In this list of museums in Cheshire, England, museums are defined as institutions (including non-profit organisations, government entities and private businesses) that collect and care for objects of cultural, artistic, scientific or historical interest, and that make their collections or related exhibits available for public viewing. Also included are non-profit art galleries and university art galleries. Museums that exist only in cyberspace (virtual museums) are not included.

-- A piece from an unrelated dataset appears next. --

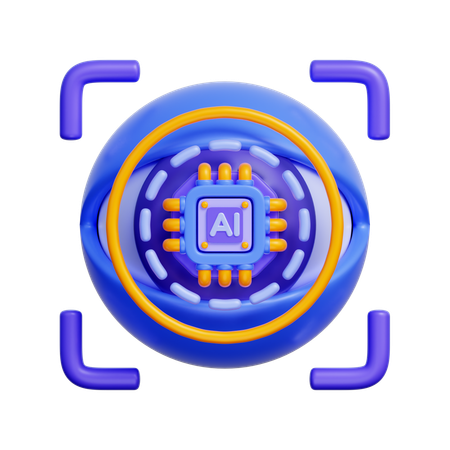 AI Eye Scanner  3D Icon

Many Cheshire museums focus on the area's industrial heritage, including Quarry Bank Mill in Styal and Clarence Mill in Bollington (cotton), the Macclesfield Museums (silk), the Catalyst Science Discovery Centre in Widnes (chemicals), and the Lion Salt Works in Marston and Weaver Hall Museum in Northwich (salt). The Anson Engine Museum in Poynton is on the site of a former colliery. Jodrell Bank Discovery Centre, on the site of the observatory in Lower Withington, explores astronomy. There are also several transport museums, including the Crewe Heritage Centre (railways), the National Waterways Museum in Ellesmere Port and the Anderton Boat Lift (canals). There are water-powered mills at Bunbury, Nether Alderley and Stretton.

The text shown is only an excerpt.